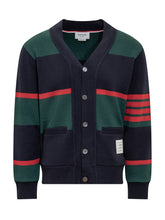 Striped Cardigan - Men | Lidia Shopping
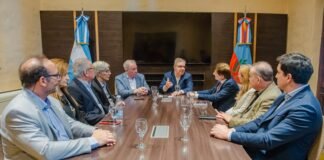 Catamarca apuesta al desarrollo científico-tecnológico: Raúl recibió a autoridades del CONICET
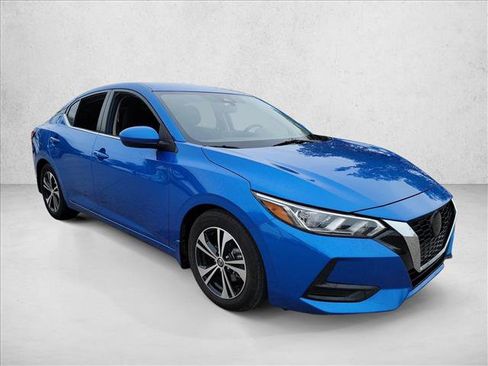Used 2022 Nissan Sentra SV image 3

### Exercise description
Write out, exactly as they appear, the lines from the one containing "Catamarca apuesta al" through the end of the material above, excluding pictures.

### Exercise result
 Catamarca apuesta al desarrollo científico-tecnológico: Raúl recibió a autoridades del CONICET
Used 2022 Nissan Sentra SV image 3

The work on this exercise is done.